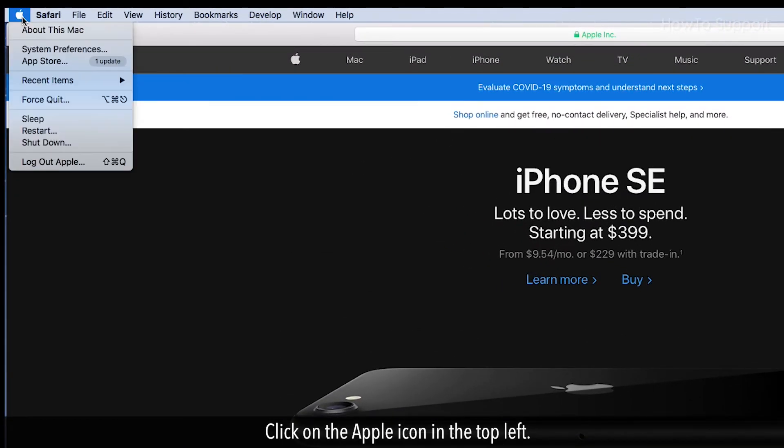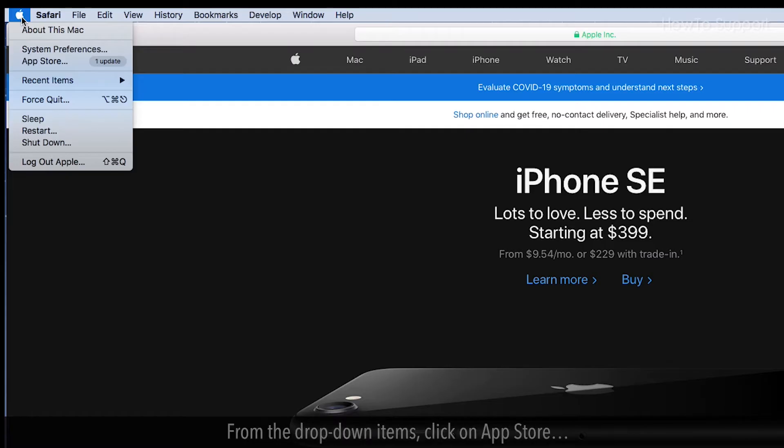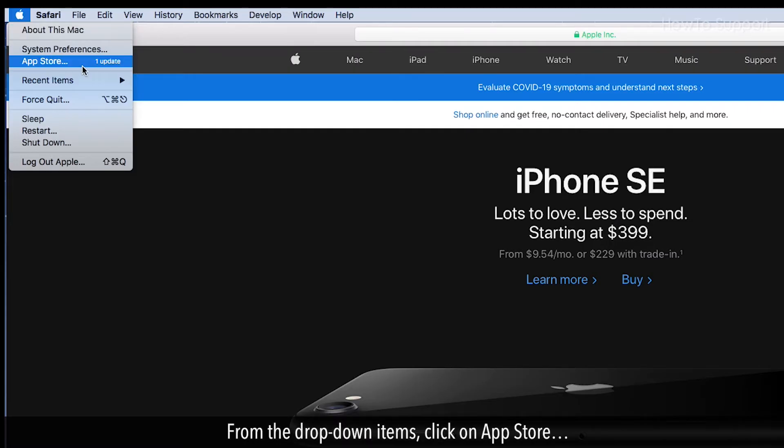Click on the Apple icon in the top left. From the drop-down items, click on App Store.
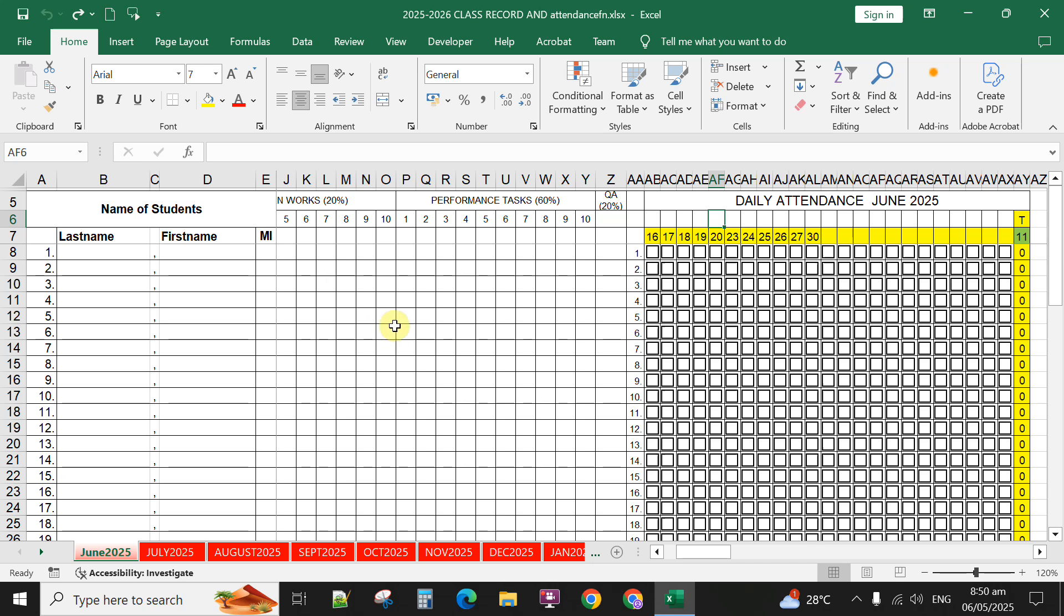For instance, at the beginning of class, for example on June 16, 2025, you can simply click the checkbox. If learner number one is present on June 16, you simply click and it will automatically count here.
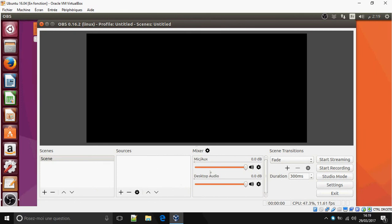So this is how to install OBS on Linux, Debian, and Ubuntu. Thank you. Thank you for watching. Goodbye. Bye.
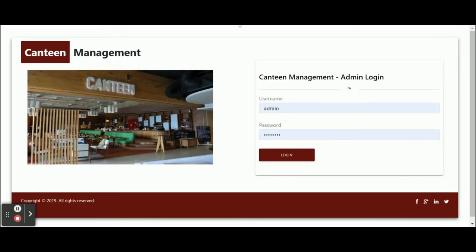These are all the functionalities I have developed inside this Canteen Management System. As I mentioned, this is a Node.js, MySQL, and Angular based project. This is a mini project — if you need more functionality, just put it in the comments and I will incorporate those changes to make the project better. Don't forget to subscribe to our channel for the latest project videos on the latest technologies. Thanks for watching!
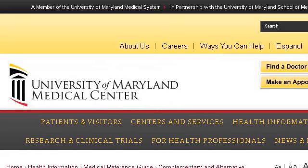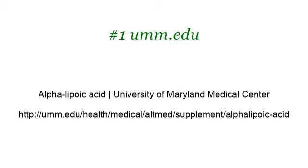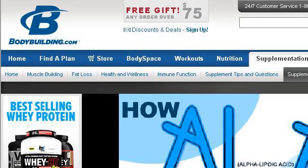Our top-ranked site to learn about how to make your own alpha-lipoic acid skin lotion is umm.edu, specifically the page titled 'Alpha-Lipoic Acid — University of Maryland Medical Center.' This is the link. You can also try www.bodybuilding.com, especially the page 'Bodybuilding.com: How Alpha-Lipoic Acid Can Benefit You.' Here's the link.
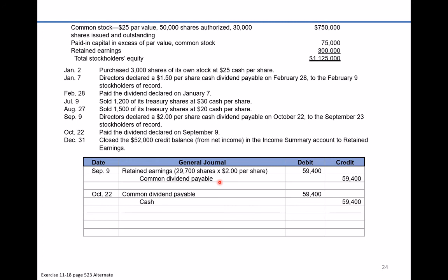Finally, on December 31st, we close the $52,000 credit balance from net income in the income summary account to retained earnings. Income summary is a temporary account with a $52,000 credit balance. To close it, we debit income summary for $52,000 and credit retained earnings for $52,000. That's the last transaction — closing the income summary account.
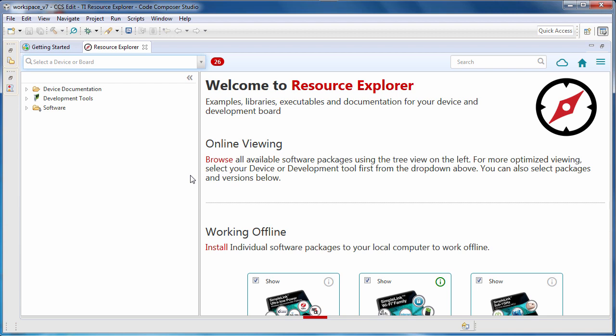It will display both content that you have installed locally, as well as content that is available for download. Thus, the first time you open it, it may take a few seconds to load.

## Task description
Quote exactly the lines from the one that contains "These are all" through the end of the listing above, both ends included, leaving out the pictures.

## Exercise answer
These are all the functionalities I have developed inside this Canteen Management System. As I mentioned, this is a Node.js, MySQL, and Angular based project. This is a mini project — if you need more functionality, just put it in the comments and I will incorporate those changes to make the project better. Don't forget to subscribe to our channel for the latest project videos on the latest technologies. Thanks for watching!
Our top-ranked site to learn about how to make your own alpha-lipoic acid skin lotion is umm.edu, specifically the page titled 'Alpha-Lipoic Acid — University of Maryland Medical Center.' This is the link. You can also try www.bodybuilding.com, especially the page 'Bodybuilding.com: How Alpha-Lipoic Acid Can Benefit You.' Here's the link.
Finally, on December 31st, we close the $52,000 credit balance from net income in the income summary account to retained earnings. Income summary is a temporary account with a $52,000 credit balance. To close it, we debit income summary for $52,000 and credit retained earnings for $52,000. That's the last transaction — closing the income summary account.
It will display both content that you have installed locally, as well as content that is available for download. Thus, the first time you open it, it may take a few seconds to load.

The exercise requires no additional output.